Wieder wurde mir bewusst, dass ich mir meine Grenzen selber setze. Zum grössten Teil unbewusst. Viele übernommen durch gesellschaftliche Normen, konditioniert, durch Erfahrungen erlangt oder einfach mal angenommen ohne genaueres Prüfen. Grenzen an sich sind neutral. Es ist der Ort, wo Wachstum geschehen kann. Der Aufenthalt an der eigenen Grenze kann spannend, interessant und anstrengend sein. Darum ist es umso wichtiger, kann man immer wieder zurück in der eigenen Mitte ankommen, entspannen, auftanken und einfach so angenommen sein. Ausgleich schaffen. Oft weiss man erst genau, wo sich die Grenze befindest, wenn sie überschritten wurde oder man sie selbst überschritten hat. Dies kann sehr unangenehm und hart und gleichzeitig auch sehr lehrreich sein. So weiss man beim nächsten Mal, wo die eigene Grenze ist, und kann vielleicht besser für sich einstehen. Auch ohne die Grenzüberschreitung kann man erahnen und körperlich spüren, wo sich die Grenze befindet. Interessant finde ich den Ursprung der Grenze herauszuspüren. Angst oder Integrität? Wenn ich mich immer in meiner Mitte und Komfortzone befinde, kommt die Grenze mit der Zeit näher zu mir, ohne das ich etwas tue. Mein Handlungsspielraum wird kleiner. Bin ich nur an der Grenze und finde nicht in die Mitte, brenne ich aus. Reiner Überlebensmodus. Ebenso wird der Handlungsspielraum auf das Notwendige reduziert. Ich wünsche den Menschen, die sich stets an der Grenze befinden, dass sie in sich Räume des Vertrauens, der Liebe, der Stille schaffen können, auch wenn diese im Aussen noch nicht vorhanden sind. Damit sie einen Augenblick ausatmen und loslassen können. Und die Menschen, welche stets gemütlich in der Mitte verweilen, fordere ich auf, mutig zu sein und immer wieder ihre Grenzen, das noch Unbekannte zu erkunden, damit sie über sich selbst hinauswachsen können. Denn wenn beides möglich ist, das Verweilen in der eigenen Mitte, im wohligen, bekannten Raum sowie das Entdecken, Erkunden und Erforschen - Erfahren - an der eigenen Grenze, ist es ein wundervolles Spiel! So kann man das Potential, welches das Leben einem bietet, am besten ausschöpfen.


Also: Find your inner peace and/or step out of your comfort zone. ;)
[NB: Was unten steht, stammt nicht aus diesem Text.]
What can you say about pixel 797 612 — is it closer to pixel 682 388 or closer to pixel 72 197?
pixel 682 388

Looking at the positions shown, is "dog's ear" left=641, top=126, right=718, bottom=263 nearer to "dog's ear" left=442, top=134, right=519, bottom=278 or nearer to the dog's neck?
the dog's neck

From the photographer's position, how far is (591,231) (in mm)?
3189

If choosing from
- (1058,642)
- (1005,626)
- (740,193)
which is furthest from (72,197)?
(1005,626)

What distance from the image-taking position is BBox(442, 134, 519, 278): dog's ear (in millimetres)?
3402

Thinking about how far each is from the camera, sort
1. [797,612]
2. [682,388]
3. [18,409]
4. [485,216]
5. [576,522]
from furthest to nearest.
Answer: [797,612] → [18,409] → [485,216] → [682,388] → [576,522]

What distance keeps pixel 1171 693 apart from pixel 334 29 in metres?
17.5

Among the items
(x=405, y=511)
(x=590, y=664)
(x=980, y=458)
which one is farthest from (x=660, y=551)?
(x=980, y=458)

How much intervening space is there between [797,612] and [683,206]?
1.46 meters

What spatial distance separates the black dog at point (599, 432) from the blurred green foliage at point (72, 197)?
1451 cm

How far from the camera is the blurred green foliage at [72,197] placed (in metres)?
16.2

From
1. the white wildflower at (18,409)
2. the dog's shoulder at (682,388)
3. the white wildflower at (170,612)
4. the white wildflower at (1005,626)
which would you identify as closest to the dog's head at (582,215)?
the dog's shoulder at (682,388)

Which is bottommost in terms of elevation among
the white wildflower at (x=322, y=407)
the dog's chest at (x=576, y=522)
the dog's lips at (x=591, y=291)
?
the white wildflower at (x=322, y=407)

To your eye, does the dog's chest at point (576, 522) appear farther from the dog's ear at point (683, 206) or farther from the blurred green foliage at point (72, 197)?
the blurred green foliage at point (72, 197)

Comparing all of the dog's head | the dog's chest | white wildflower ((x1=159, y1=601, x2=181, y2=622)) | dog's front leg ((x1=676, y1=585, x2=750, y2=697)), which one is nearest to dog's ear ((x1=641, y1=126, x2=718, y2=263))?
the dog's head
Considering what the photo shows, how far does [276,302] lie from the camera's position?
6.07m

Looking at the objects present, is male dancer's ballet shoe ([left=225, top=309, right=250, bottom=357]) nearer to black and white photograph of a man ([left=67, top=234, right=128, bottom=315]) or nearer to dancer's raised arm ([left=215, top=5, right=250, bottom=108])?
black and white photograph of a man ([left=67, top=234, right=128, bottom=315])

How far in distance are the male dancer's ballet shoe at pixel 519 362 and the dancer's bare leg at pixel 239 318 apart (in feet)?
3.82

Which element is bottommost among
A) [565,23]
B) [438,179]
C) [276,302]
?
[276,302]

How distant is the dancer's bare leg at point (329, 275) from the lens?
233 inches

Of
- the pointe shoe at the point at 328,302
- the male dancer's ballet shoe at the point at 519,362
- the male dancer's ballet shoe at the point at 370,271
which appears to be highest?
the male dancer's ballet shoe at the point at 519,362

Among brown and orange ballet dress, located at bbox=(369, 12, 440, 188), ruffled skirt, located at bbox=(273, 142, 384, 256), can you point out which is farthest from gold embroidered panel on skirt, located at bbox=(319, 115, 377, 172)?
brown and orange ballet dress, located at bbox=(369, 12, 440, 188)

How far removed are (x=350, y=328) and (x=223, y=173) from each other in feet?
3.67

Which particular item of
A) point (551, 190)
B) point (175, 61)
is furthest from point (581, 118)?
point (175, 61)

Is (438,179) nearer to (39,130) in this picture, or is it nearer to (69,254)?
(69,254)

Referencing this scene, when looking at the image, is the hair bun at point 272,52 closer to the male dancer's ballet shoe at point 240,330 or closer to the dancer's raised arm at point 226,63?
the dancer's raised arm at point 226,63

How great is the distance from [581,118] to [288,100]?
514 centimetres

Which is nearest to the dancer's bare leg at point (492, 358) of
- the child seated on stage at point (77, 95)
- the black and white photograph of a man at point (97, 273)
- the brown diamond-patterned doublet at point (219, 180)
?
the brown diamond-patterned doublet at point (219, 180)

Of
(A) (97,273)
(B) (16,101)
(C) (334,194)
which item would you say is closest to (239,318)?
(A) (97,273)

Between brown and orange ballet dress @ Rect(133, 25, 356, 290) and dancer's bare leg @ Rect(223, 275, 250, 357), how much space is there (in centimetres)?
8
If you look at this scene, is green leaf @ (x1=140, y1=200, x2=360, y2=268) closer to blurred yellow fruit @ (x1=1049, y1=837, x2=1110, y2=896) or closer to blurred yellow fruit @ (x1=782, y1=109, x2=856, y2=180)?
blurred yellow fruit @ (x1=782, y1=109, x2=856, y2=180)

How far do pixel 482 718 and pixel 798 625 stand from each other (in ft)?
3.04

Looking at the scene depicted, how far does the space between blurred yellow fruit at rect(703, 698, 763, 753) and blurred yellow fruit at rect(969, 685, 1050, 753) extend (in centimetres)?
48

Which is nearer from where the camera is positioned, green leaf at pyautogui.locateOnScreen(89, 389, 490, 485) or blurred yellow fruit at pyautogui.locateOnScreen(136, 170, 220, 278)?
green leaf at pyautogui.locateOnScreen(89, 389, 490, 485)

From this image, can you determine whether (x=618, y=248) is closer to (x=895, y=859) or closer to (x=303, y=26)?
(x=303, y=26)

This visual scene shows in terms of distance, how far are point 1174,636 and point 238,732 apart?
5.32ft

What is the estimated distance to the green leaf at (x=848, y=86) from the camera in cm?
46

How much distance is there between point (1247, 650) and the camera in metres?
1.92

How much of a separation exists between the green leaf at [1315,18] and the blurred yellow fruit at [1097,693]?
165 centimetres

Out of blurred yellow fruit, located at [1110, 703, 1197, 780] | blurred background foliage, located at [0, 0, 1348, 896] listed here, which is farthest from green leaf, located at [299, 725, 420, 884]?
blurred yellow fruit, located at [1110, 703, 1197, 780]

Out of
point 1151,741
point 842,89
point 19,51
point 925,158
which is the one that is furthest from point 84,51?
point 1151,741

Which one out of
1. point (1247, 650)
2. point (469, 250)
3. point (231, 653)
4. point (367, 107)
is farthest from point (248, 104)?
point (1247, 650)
Haha, Scherz.:) Du bist natürlich frei, wie Du Dein Leben gestalten möchtest. Dazu gehört auch, sich bewusst von antrainierten, hinderlichen Grenzen zu befreien oder bewusst Grenzen setzen zu lernen. Das liegt als erwachsener Mensch in meiner Selbstverantwortung. Ich merke, ich komme richtig in Schwung und könnte wohl ein ganzes Buch darüber schreiben, da sich mehr und mehr Türen in meinem Geist dazu öffnen und weitere Assoziationen in meinem Kopf aufploppen. Das lass ich für heute und knüpfe später mit weiteren Gwunderworten damit an.


Jetzt lade ich Dich ein zu beobachten, wie diese Worte in Dir anklingen. Wo befindest Du Dich im Moment gerade? Kannst Du es als ein Spiel zwischen den beiden Polen (innere Mitte und Grenze) wahrnehmen oder hast Du das Gefühl, Dein Handlungsspielraum ist gerade etwas zu klein für Dich? Und Du möchtest vielleicht sogar etwas daran ändern? Braucht es ein bisschen mehr Mitte oder mehr Mut für Dein Gleichgewicht?


Viel Gwunder wünsch ich uns beim Ausprobieren und Spielen; beim Entdecken an und mit den Grenzen und zuerst ein gutes Ankommen bei Dir Selbst.